**Work instructions**. The line containing "Ocean Doxxie Printed" marks the end; copy exactly all lines from the start of the material up to and including it.

- - - -

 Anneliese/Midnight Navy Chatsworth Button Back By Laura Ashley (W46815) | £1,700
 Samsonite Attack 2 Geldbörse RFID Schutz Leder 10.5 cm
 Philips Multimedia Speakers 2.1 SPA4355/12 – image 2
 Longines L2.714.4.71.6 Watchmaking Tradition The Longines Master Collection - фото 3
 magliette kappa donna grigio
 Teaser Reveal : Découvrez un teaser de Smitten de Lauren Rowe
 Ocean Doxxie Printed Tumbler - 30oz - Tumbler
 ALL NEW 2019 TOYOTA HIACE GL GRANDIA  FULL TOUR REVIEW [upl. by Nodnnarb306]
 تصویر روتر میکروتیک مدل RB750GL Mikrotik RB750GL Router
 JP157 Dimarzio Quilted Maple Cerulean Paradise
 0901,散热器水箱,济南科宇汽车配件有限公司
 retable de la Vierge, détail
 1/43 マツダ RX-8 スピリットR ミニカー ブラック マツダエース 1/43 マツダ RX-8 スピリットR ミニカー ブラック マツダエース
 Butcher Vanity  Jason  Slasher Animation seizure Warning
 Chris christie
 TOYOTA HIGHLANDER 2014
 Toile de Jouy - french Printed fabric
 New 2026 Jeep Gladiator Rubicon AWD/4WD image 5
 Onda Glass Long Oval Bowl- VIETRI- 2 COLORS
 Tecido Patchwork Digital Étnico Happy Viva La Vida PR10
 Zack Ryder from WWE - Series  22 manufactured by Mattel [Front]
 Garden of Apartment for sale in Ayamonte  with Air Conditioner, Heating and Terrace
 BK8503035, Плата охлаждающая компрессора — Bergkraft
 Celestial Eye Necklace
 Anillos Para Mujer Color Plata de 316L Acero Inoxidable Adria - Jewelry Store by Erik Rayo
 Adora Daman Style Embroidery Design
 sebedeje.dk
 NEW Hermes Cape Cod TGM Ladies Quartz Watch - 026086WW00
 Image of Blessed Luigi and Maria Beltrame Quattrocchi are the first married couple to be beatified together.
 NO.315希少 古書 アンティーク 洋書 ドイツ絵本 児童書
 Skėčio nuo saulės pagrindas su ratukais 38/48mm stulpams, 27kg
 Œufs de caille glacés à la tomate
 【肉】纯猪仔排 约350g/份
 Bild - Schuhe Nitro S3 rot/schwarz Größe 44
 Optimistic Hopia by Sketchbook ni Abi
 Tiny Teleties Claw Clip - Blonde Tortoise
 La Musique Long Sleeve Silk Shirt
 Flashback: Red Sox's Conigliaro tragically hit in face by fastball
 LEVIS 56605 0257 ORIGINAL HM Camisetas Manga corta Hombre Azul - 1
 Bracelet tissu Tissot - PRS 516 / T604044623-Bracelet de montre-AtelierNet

- - - -

**Answer to this task**.
 Anneliese/Midnight Navy Chatsworth Button Back By Laura Ashley (W46815) | £1,700
 Samsonite Attack 2 Geldbörse RFID Schutz Leder 10.5 cm
 Philips Multimedia Speakers 2.1 SPA4355/12 – image 2
 Longines L2.714.4.71.6 Watchmaking Tradition The Longines Master Collection - фото 3
 magliette kappa donna grigio
 Teaser Reveal : Découvrez un teaser de Smitten de Lauren Rowe
 Ocean Doxxie Printed Tumbler - 30oz - Tumbler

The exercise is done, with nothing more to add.